The Irish revolutionary Constance Markievicz was remembered on the 150th anniversary of her birth on Sunday for her contributions to feminism, nationalism, the labour movement and women's suffrage.
At a commemoration ceremony by Markievicz's graveside at Glasnevin Cemetery in Dublin, three female speakers paid tribute to the first woman member of parliament elected in Ireland and a leader of the 1916 Rising.
President-elect of Sinn Féin Mary Lou McDonald said Markievicz had thrown off the old idea that a woman could only serve her nation through her work in the home and had challenged generations of women to dedicate themselves to the cause of freedom and equality.
Not only had she been prepared to step forward herself, but “she had a real sense of the duty and responsibility that women had, and have, to achieve their aims and to achieve their destiny”.
Ms McDonald said Constance had “believed herself an honourable woman, who would sooner die than give a declaration of allegiance to King George or the British Empire”.
Republicans, then as now, had not refused the oath for “parochial reasons”, she added.
“On the contrary, it was rejected for what it stood for – empire, dominance, brutality and inequality.” Markievicz’s vista went “far beyond Ireland”, Ms McDonald said.
“She was intuitively internationalist, and the inequalities and marginalisation of communities under British rule was, as we know, not unique in its expression in Ireland. Constance knew that and she railed against it.”
Equality of people
She was a nationalist, but she was above all a woman committed to the equality of people, to the equality of humanity, the Sinn Féin leader-elect added.
Labour Party senator Ivana Bacik said the campaign for labour rights and suffrage had been "inextricably linked".

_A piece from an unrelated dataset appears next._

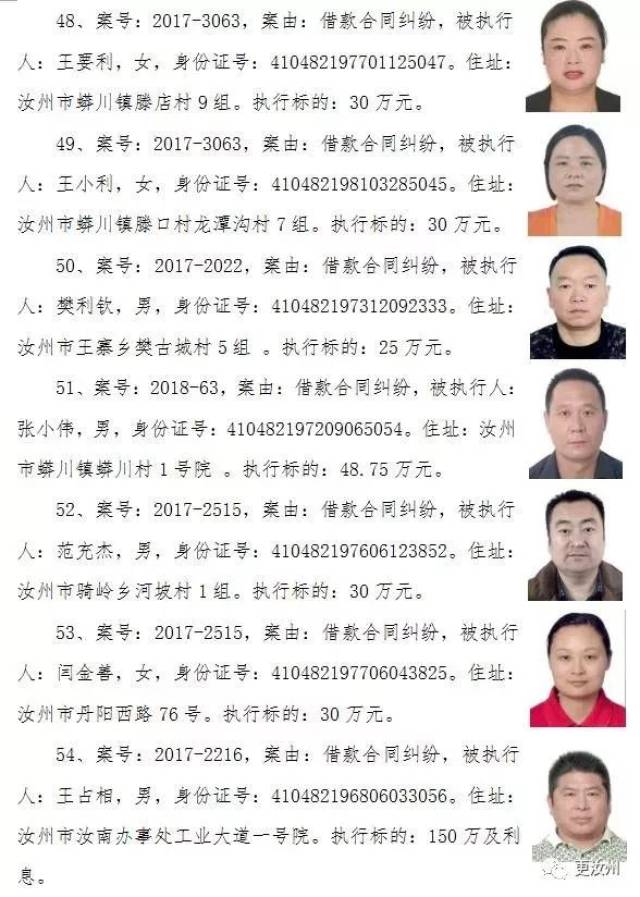 必须曝光!汝州法院曝光这57名老赖信息!举报有奖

Constance and her sister Eva Gore-Booth in 1896 had set up a Sligo branch of the Irish Women’s Suffrage and Local Government Association, earning them ridicule from a local farmer as seeking to set up a “petticoat government”.
“She was an ardent campaigner for suffrage and, indeed, at the foundation of the Irish Women Workers’ Union, she spoke to the women present saying that joining a union would not only help them get better wages, but it would also help them get the vote,” Ms Bacik said.

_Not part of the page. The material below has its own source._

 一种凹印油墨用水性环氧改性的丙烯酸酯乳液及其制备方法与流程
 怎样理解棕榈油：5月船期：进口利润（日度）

Ms Bacik said a delegation from the Oireachtas would travel to Westminster at the end of this month to present to the houses of parliament a portrait of Markievicz.
This would mark the first time parliament there would acknowledge her “immense achievement as the first woman elected an MP at Westminster”.
Patricia King, general secretary of ICTU, said Markievicz was "an outstanding figure in an outstanding generation".
A wreath was laid at the graveside by Lucy Keaveney, a founder of the Countess Markievicz School, a forum on women in Ireland.
This year’s event will take place on April 28th at Liberty Hall in Dublin.